In recent years the phrase ‘indigo-children’ has become a buzz-word for those youngsters whose intellectual potential significantly surpasses that of most adult scientists. While many remain skeptical towards the idea of the ‘genius youth’, one can hardly ignore the growing number of teenagers endowed with exceptional and often unprecedented talents in various spheres of science and humanities.
The recent innovation exhibition for the young adults of pre-university age organized by Bauman Moscow State Technical University (MSTU) presented Russian scientists with an opportunity to ‘witness the miracle’ and get to see the creations of gifted children. Leading experts were positively shocked by such exhibits as energy-efficient home suitable for severe climate conditions of Siberia and a robot rover constructed on the basis of Tolchin’s inertioid.
Bauman MSTU has long become a synonym for technological innovation and change. Ever since its foundation in 1763 by the order of Russian Empress Catherine II the institution has become the home of greatest scientific minds. The walls of this most renowned Russian technical university have witnessed the inventions of such revolutionary apparatuses as the very first oil cracking machine and a swash plate, which subsequently allowed building helicopters with extraordinary steadiness and controllability characteristics. However, never before has the university contemplated that remarkable scientific breakthroughs can be made by young adults who are yet to receive higher education.
Every year the university organizes ‘Step to the Future’ – an innovation exhibition for pre-university teenagers to uncover the potential of the Russian youth and motivate the most gifted youngsters to pursue a career in technology. Over the years, the university professors and leading experts who oversee the exhibition have already become used to creative and unusual technological solutions proposed by the Russian youth. Nonetheless, the exhibits of December 2012 have come as a shock even to those scientists who were accustomed to ‘usual unusualnesses’ of the exposition.

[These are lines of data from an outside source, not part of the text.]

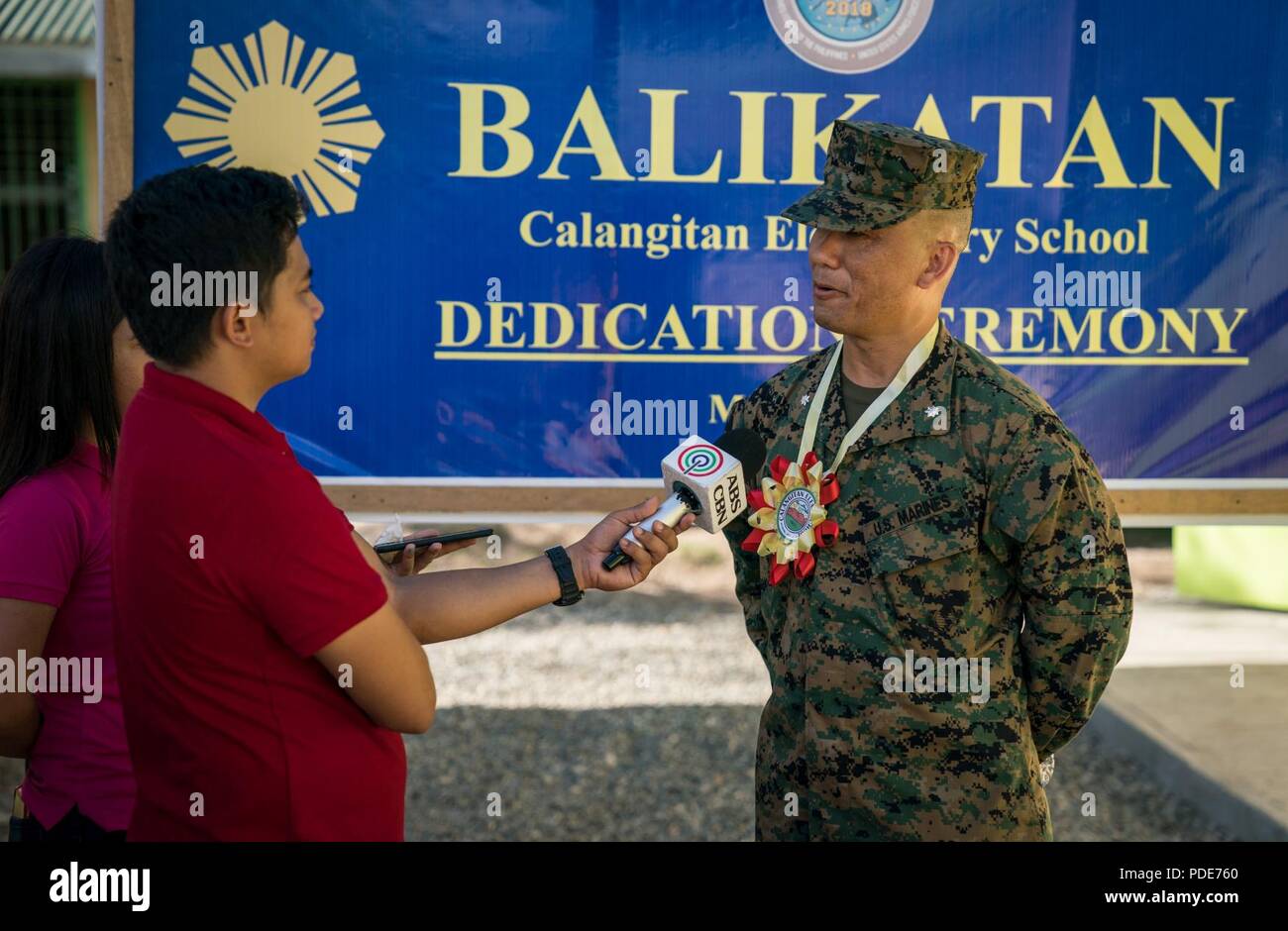 Us Marine Corps Oberstleutnant Soulynamma Pharathikoune führt ein Interview mit philippinischen Nachrichten Station ABS-CBN nach einer Einweihung feiern den Bau eines neuen Schulgebäudes an Calangitan Grundschule zur Unterstützung der Übung Balikatan in Capas, Tarlac, Philippinen, 16. Mai 2018. Pharathikoune ist die co-Kommandeur der Combined Joint Task Force zivil-militärische Operationen, und Er ist der kommandierende Offizier des 9. Techniker Bataillon, 3. Marine Logistics Group. Übung Balikatan, in seiner 34. Iteration, ist eine jährliche US-Philippinischen militärische Ausbildung Übung konzentriert Stockfoto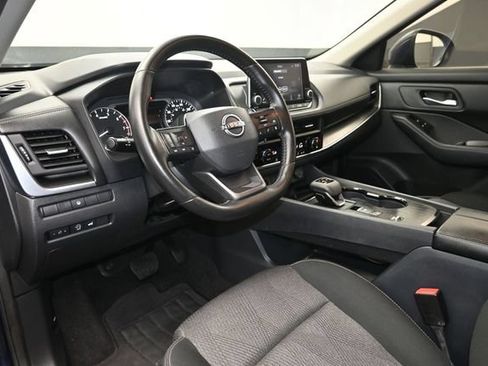 Used 2025 Nissan Rogue SV FWD image 8
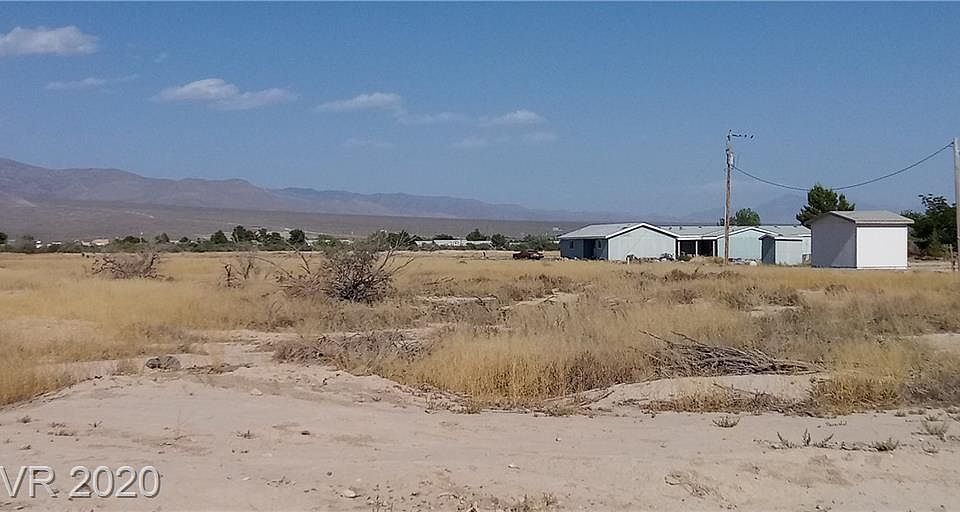 2nd image of 3651 Sagebrush Ave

Eleventh grade student Anya Shvetsova from the city of Noginsk, Moscow Region, has captured the audience with her robot rover. Her exhibition stand is always crowded with Russian leading scientists who marvel at Anya’s creation and try to figure out how it works. Noisily creeping on the floor, the machine is reminiscent of either a UFO or a silver bowl. When Anya toggles the switches on her hand-made console the plate immediately changes the course and starts crawling across the floor in the opposite direction.
The girl calls her invention “an autonomous landing vehicle” and suggests that should her idea be realized under the sponsorship of the Russian Space Agency the robot rover will be able to land even on Venus. When asked about the technical characteristics of the machine, Anya habitually answers that “the apparatus’ main engine is constructed on the basis of Tolchin’s inertioid”. In plain language, it means that the vehicle’s propulsion depends on the movement of two asymmetrical tooth-wheels that are put in motion by electricity or solar energy. While the mechanism seems to be quite straightforward, the way how the rotation of the two tooth-gears drives the whole apparatus remains a mystery even for the most renowned experts.
When asked about her plans and future projects Anya sets her standards very high. In the very near future the girl aims to teach her robot to surmount ramps with the gradient of more than 15 degrees and to change the material of the rover in order to make it heat-resistant. Anya also hopes to make her rover work up to 12 times longer than all other existing landing vehicles, which is a very audacious plan.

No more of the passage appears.